*Data extract:*
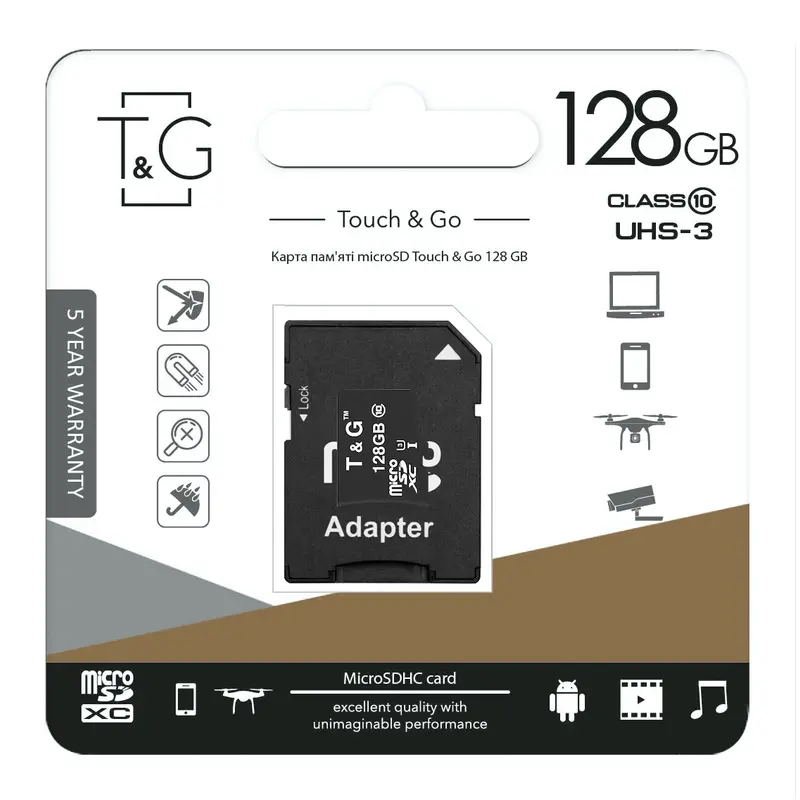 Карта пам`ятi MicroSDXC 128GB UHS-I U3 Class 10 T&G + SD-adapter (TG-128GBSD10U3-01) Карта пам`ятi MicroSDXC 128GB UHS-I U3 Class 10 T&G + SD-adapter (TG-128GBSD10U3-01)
...
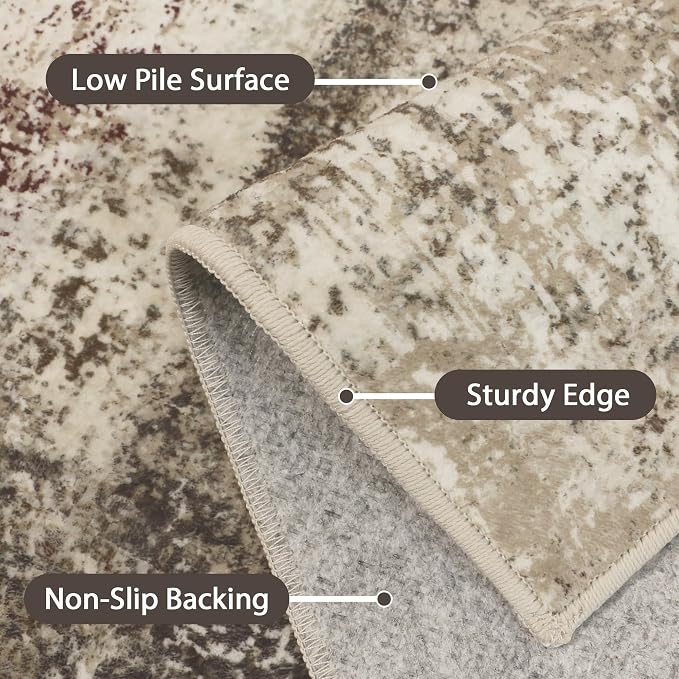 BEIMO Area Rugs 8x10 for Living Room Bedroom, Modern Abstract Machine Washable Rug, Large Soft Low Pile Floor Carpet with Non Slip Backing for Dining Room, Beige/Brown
...
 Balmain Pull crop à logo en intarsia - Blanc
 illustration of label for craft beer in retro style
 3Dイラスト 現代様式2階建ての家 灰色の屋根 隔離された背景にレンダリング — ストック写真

*Assigned task:* Once you find the line with "illustration of label" in the entries above, output it and each line after it up to and including the line with "3Dイラスト 現代様式2階建ての家 灰色の屋根", and nothing else.

*Expected answer:*
 illustration of label for craft beer in retro style
 3Dイラスト 現代様式2階建ての家 灰色の屋根 隔離された背景にレンダリング — ストック写真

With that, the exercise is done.